For this exercise, output exactly and only the lines running from the one with "Scenic view of sea" through the final line of the data below, without pictures.
════════
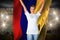 Pretty football fan in white cheering holding colombia flag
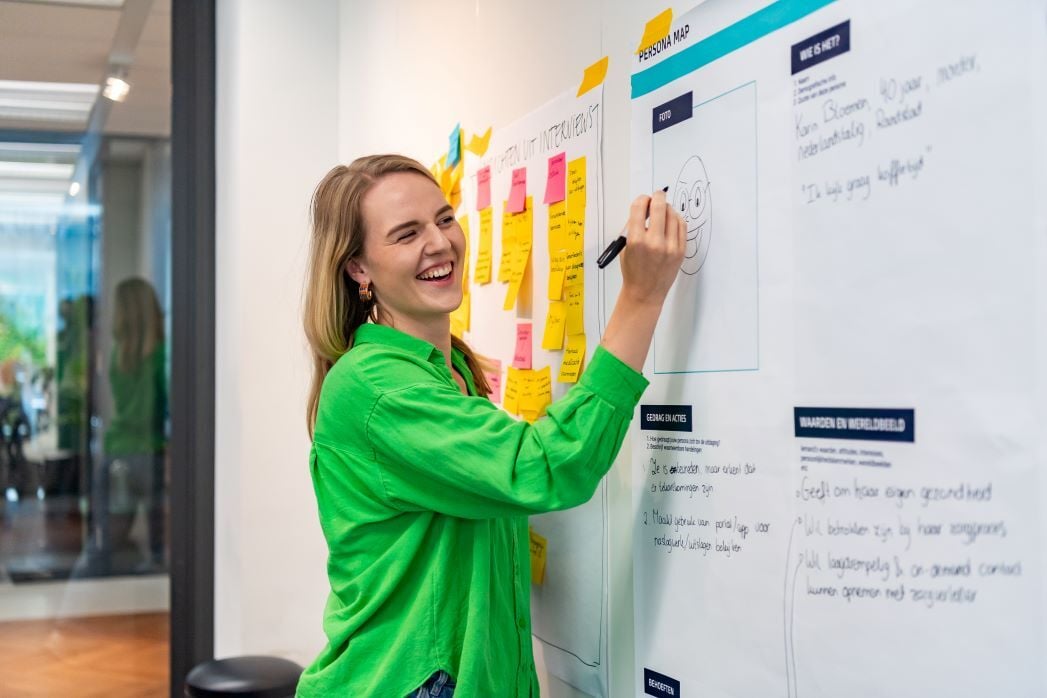 Vrouwelijke collega tekent op een whiteboard.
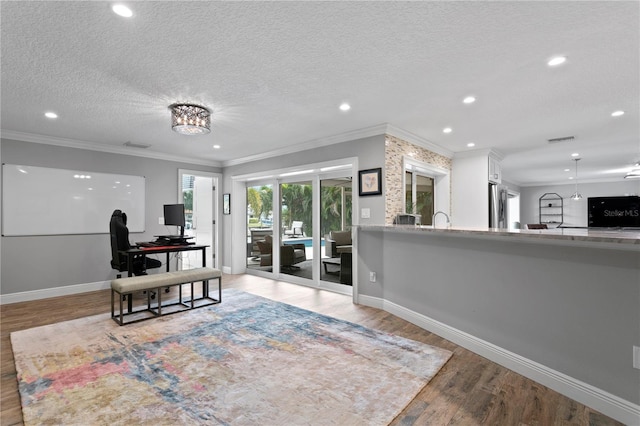 1960 Montana Ave NE, Saint Petersburg, FL 33703 - office with wood finished floors, baseboards, ornamental molding, recessed lighting, and a textured ceiling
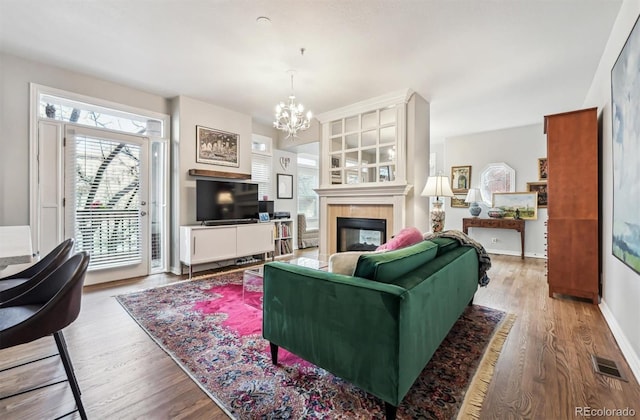 living room featuring a chandelier, a fireplace, and light hardwood / wood-style flooring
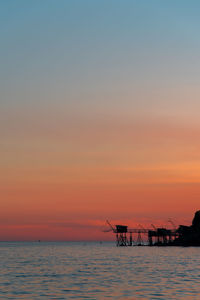 Scenic view of sea against sky during sunset. scenic view of fishery against sea during sunset 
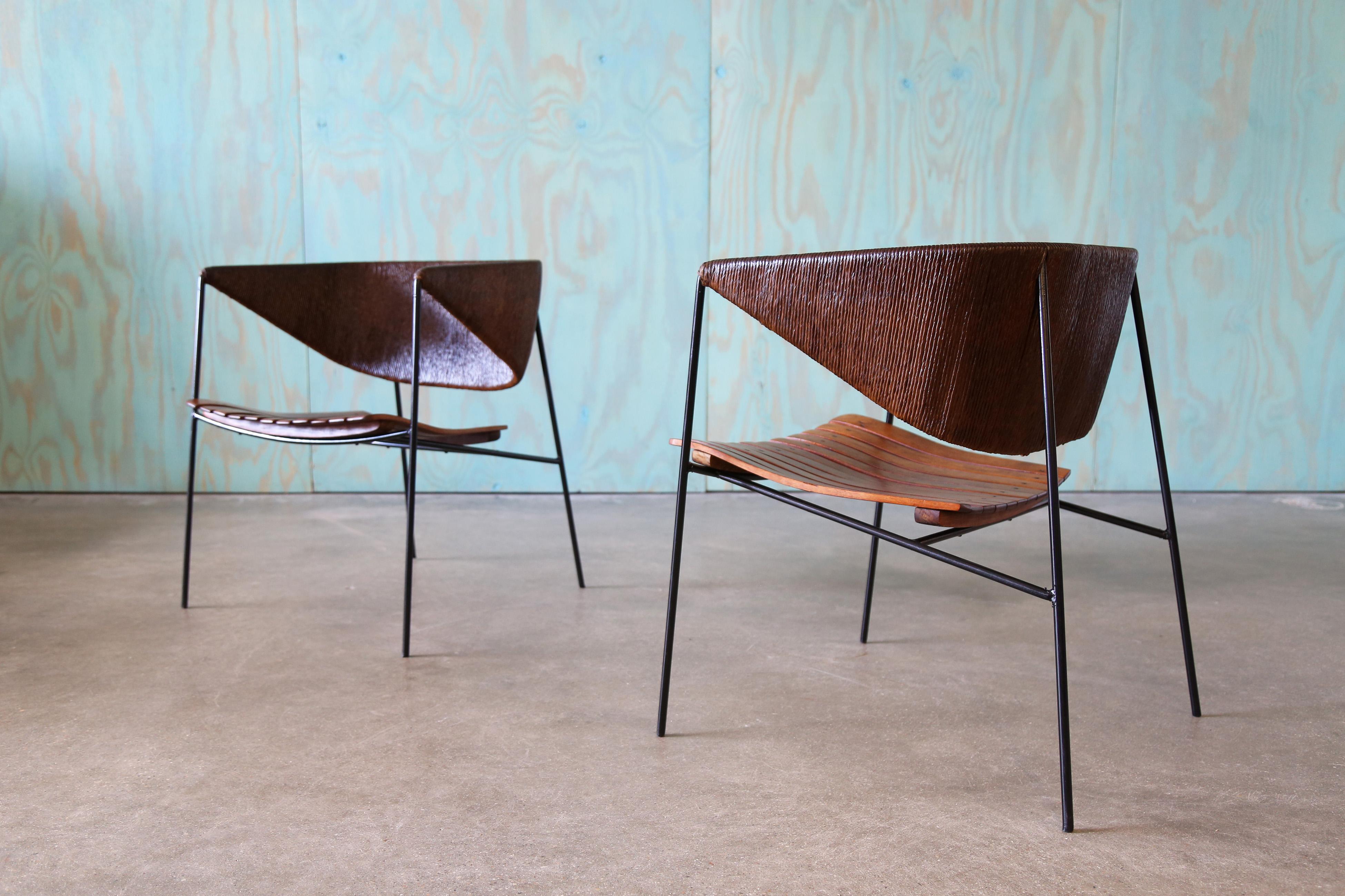 Un diseño único y muy coleccionable de Arthur Umanoff para Raymor. Estos sillones de salón de los años 50 combinan armazones de hierro minimalistas, listones de roble clásicos y un respaldo exagerado, envuelto en cuerda de papel.  Los ángulos duros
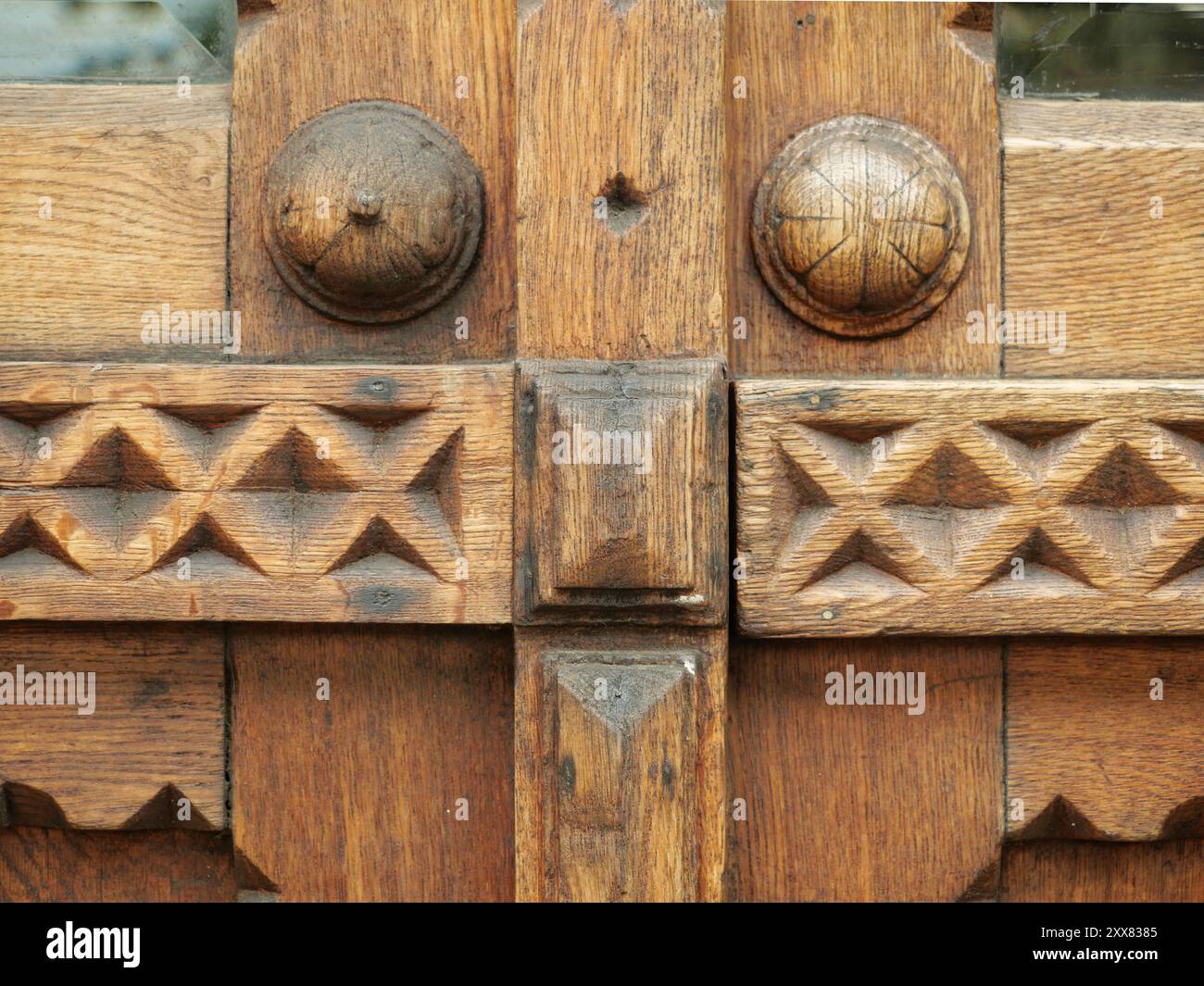 Une vue détaillée d'une porte en bois très ornée présente des sculptures complexes et un savoir-faire traditionnel, reflétant des boiseries historiques. Banque D'Images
════════
ANSWER BOX:
 Scenic view of sea against sky during sunset. scenic view of fishery against sea during sunset 
 Un diseño único y muy coleccionable de Arthur Umanoff para Raymor. Estos sillones de salón de los años 50 combinan armazones de hierro minimalistas, listones de roble clásicos y un respaldo exagerado, envuelto en cuerda de papel.  Los ángulos duros
 Une vue détaillée d'une porte en bois très ornée présente des sculptures complexes et un savoir-faire traditionnel, reflétant des boiseries historiques. Banque D'Images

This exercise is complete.